Here’s a little story.... A gentleman calls about our classes, says he’s just bought a new Jeep, replacing the one he totaled out on Donner during the winter. "What happen?" I asked, "I was coming down the mountains, it was snowing hard, then all of a sudden it spun and I went down an embankment!" he replied. I asked one question of him... "Did you have the brakes on?" "Why yes, and it still wouldn’t stop!". WRONG! No brakes! Lightly if you have to.

Here’s another one... The "ORE" crew is heading home on I-80, while Blain passes the Nevada City exit he finds a Toyota 4WD pickup sideways in the road stopped (very dangerous!). Blain stops, gets out and talks with the driver and his wife, both of whom are freezing cold inside, and Blain asks if they need help. They say they can’t get up the grade, "the truck keeps going sideways". Blain asks if the driver has 4WD engaged, the driver replies "yes!". Blain proceeds to ask if the driver has any chains, which are quickly produced, then goes about fitting them (though the tires were marked "M&S", they were not the type that should be in such conditions). Blain completes fitting the chains and instructs the driver to proceed, that he would follow him up the grade, or tow him if needed. With that, the couple crank up their truck, but it won’t move, the rear wheels (one of them) was spinning, but no action up front. Blain has them hold up, then checks the locking hubs up front. Guess what? They weren’t locked! When in doubt, stay home, or... take our class regarding winter time driving.

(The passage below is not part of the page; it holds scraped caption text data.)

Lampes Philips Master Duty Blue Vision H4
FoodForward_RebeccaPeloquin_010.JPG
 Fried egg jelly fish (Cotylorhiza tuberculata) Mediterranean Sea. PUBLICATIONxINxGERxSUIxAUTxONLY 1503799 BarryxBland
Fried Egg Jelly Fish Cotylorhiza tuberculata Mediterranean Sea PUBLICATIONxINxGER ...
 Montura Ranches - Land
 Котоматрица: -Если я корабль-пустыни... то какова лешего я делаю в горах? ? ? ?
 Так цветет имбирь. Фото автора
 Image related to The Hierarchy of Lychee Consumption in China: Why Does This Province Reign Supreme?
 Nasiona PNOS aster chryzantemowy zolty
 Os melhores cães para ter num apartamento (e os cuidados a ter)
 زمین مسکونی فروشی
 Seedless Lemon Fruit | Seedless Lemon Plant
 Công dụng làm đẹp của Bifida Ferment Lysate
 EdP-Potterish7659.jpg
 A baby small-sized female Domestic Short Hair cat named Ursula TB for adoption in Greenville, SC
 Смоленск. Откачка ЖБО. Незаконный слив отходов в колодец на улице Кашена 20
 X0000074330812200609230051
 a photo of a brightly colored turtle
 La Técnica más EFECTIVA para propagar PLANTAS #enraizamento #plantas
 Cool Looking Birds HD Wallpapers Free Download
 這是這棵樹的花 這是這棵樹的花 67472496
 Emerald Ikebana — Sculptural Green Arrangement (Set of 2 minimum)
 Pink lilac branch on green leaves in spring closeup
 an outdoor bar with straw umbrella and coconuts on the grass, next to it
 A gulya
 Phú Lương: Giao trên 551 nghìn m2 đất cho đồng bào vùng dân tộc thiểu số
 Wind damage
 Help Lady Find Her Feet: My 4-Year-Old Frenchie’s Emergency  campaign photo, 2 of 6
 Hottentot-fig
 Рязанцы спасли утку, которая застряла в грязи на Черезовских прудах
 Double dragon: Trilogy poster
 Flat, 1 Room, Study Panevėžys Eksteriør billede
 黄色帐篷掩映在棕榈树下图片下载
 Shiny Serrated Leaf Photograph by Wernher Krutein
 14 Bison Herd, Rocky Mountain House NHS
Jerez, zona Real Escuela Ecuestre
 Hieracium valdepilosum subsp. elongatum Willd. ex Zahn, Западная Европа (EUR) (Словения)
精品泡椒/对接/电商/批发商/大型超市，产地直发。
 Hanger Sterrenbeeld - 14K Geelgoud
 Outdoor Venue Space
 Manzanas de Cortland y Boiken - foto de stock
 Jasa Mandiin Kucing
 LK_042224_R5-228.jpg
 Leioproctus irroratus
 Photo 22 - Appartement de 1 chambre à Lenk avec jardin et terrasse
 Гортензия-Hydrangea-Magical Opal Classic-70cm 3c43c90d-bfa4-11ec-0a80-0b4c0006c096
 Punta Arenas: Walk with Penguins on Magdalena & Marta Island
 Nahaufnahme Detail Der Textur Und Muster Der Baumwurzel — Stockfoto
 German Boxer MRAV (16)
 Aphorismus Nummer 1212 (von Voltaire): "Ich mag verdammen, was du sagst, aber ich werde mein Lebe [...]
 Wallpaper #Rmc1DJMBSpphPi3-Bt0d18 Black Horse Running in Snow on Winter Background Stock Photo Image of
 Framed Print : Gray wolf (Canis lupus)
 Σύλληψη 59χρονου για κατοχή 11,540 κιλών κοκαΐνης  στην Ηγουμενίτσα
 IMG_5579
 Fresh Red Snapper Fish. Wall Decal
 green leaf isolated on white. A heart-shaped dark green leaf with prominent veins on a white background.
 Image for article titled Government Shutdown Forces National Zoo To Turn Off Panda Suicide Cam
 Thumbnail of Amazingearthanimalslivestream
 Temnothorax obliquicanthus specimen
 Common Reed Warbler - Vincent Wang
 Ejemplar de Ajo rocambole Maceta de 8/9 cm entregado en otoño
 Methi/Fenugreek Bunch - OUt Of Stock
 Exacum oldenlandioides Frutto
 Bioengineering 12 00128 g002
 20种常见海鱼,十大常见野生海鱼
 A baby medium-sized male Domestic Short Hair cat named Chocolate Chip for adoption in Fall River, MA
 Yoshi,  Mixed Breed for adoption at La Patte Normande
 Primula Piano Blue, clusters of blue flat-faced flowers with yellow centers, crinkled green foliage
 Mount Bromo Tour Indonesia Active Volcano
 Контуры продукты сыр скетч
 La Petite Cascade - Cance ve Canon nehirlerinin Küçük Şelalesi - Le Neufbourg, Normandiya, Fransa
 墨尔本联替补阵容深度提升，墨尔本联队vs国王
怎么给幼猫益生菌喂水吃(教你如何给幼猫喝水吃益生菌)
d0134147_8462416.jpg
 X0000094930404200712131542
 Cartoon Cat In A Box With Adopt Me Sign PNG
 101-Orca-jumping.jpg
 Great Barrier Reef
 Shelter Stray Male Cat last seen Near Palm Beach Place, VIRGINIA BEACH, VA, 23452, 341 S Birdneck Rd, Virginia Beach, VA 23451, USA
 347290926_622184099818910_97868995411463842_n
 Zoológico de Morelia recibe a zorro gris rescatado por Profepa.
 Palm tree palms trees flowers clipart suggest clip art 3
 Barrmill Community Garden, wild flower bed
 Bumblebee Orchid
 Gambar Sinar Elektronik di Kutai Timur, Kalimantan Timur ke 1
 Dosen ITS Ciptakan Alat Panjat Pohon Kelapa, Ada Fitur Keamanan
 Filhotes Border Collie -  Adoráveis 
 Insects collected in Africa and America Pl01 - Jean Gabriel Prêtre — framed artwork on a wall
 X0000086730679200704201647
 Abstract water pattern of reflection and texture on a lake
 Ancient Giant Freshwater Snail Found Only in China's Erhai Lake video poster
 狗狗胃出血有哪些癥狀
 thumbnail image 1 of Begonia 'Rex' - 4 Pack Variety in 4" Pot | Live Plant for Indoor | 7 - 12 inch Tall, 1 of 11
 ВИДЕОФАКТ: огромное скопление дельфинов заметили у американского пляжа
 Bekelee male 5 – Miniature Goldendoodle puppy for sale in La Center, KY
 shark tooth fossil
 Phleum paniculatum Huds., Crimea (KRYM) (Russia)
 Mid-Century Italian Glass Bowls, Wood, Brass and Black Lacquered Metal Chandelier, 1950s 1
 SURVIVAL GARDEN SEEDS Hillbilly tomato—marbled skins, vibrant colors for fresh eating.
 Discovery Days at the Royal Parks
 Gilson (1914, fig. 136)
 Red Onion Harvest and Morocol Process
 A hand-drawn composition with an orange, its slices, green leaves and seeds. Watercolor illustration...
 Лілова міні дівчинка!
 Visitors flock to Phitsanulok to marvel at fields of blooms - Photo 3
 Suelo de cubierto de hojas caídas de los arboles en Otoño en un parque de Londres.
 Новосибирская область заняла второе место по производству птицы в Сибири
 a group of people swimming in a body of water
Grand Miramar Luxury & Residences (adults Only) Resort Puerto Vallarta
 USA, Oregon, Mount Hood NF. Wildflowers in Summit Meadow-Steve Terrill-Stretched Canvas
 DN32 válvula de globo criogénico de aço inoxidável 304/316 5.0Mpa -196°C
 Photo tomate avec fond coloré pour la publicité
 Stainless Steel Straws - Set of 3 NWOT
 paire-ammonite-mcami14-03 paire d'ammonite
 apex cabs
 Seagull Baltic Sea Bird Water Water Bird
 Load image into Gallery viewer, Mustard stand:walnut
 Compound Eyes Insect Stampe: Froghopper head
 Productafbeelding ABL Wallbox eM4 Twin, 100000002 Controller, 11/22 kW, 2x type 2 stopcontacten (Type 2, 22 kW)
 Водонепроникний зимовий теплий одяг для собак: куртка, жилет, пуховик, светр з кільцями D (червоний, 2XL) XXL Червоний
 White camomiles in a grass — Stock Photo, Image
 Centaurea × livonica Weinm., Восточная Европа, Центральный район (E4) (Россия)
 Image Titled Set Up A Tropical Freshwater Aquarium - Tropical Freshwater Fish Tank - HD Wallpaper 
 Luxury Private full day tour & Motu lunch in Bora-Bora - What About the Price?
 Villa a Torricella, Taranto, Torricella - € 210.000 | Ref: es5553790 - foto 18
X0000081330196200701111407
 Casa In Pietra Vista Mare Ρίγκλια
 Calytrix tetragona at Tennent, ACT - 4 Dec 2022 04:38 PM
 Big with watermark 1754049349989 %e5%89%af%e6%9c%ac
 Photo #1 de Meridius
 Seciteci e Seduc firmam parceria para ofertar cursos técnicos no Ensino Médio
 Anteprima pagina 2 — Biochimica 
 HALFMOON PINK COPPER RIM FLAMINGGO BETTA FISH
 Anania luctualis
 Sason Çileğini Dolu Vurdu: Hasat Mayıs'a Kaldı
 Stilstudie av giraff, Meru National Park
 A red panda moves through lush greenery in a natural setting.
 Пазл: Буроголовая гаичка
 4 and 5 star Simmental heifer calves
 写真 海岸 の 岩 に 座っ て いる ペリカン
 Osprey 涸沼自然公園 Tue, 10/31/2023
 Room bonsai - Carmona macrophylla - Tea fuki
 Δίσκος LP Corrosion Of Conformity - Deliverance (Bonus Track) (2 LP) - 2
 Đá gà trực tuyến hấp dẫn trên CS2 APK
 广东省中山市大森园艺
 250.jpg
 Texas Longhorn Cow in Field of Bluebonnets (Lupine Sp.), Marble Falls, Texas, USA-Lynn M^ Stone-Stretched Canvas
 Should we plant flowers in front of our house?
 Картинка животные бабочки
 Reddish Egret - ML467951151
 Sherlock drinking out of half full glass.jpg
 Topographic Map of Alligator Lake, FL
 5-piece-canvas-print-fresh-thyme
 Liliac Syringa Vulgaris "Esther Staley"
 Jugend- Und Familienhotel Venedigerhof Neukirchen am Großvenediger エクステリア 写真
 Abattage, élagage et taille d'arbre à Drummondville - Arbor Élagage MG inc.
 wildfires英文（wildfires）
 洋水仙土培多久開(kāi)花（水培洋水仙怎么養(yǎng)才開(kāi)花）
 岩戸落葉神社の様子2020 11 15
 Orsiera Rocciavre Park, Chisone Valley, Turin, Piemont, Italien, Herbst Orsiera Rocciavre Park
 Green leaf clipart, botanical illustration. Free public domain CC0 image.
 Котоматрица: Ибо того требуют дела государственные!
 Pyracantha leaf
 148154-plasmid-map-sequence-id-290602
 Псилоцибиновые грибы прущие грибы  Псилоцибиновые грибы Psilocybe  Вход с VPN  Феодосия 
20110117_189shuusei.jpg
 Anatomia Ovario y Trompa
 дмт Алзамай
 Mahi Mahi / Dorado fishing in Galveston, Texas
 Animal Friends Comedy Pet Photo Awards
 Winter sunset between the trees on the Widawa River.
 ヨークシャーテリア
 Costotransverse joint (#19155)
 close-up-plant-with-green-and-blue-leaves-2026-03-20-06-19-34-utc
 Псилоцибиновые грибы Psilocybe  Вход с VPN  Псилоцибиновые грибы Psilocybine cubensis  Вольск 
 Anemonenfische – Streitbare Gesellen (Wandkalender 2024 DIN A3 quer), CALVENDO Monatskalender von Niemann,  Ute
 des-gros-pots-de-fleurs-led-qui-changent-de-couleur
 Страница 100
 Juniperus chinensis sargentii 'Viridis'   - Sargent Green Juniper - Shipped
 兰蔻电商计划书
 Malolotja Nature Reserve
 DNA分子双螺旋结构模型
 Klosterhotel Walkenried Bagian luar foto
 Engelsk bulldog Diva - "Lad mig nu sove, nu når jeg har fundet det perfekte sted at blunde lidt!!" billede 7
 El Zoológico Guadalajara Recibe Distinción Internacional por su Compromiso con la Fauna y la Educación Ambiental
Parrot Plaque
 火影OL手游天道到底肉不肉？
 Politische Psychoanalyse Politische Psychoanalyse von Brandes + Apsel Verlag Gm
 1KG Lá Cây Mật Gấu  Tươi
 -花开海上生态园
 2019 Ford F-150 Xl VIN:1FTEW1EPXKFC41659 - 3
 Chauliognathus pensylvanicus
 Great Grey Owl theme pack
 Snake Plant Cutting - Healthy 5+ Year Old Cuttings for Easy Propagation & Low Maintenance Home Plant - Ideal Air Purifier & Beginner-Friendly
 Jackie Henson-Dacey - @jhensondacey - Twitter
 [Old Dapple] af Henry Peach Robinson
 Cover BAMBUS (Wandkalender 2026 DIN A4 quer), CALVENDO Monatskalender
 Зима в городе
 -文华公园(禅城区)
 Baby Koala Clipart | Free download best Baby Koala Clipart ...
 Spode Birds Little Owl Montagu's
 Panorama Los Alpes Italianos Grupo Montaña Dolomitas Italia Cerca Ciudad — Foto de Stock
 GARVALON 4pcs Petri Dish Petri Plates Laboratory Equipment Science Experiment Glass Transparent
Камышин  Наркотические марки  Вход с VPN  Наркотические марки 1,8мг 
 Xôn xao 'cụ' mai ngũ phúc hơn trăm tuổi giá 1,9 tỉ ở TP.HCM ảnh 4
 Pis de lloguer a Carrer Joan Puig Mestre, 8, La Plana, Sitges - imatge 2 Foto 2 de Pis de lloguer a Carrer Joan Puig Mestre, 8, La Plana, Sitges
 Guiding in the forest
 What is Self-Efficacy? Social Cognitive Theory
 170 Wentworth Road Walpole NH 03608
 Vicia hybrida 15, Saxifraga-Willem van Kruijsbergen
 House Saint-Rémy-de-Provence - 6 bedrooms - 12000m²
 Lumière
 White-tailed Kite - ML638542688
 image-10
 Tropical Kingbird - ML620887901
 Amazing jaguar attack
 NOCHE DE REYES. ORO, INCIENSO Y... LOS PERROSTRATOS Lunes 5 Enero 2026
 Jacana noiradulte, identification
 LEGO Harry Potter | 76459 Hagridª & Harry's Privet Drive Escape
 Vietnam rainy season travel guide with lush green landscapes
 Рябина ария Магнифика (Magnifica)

Here’s another one for those with children out and about. During the same driving blizzard that Blain came across the Toyota, John and Michael would come across someone in need as well. Descending down the mountain a set of lights were spotted coming up, it is difficult to tell who’s doing what with all that snow falling. As they approached said lights, they noticed the lights were stationary and off to the right. Moments later they’d find an S10 Blazer backed down into a snow drift, three young college girls inside wondering what to do next. After checking on their health, the age old question of... "do you have it in 4-wheel-drive?" was asked, "I think so" was the reply from with in. "Okay then, put it in second gear and lightly touch the throttle and we’ll see what happens", the rears spun. After engaging 4WD low-range and again applying throttle, the Blazer refused to move, its chassis hung up on the drift. With that now known, the only alternative was to winch them out. With the winching in progress John informed the young ladies of the "ORE" classes and handed them some information, to this day we’ve never heard from them. Normal. Just think about what could have happened had circumstances been only slightly different. Let’s not.

Off-roading in the snow can be a blast, though caution is the word of the day. Since your off-road, you can be sure no one has plowed the road or trail ahead. Snow packs quickly when in front, or under your vehicle, a drift of only minor depths can strand you, leaving you with digging and/or winching your way out. When in doubt, survey it. Walk through it, find out how deep the snow is before you drive 5000-pounds of 4WD into it. Though while driving in it, depending on depth and pack, again use smooth throttle, braking and steering methods. Remember that when on a dirt trail/road that the snow will freeze the puddles under it, and every now and again sheets of flying ice may appear as you tear across the surface.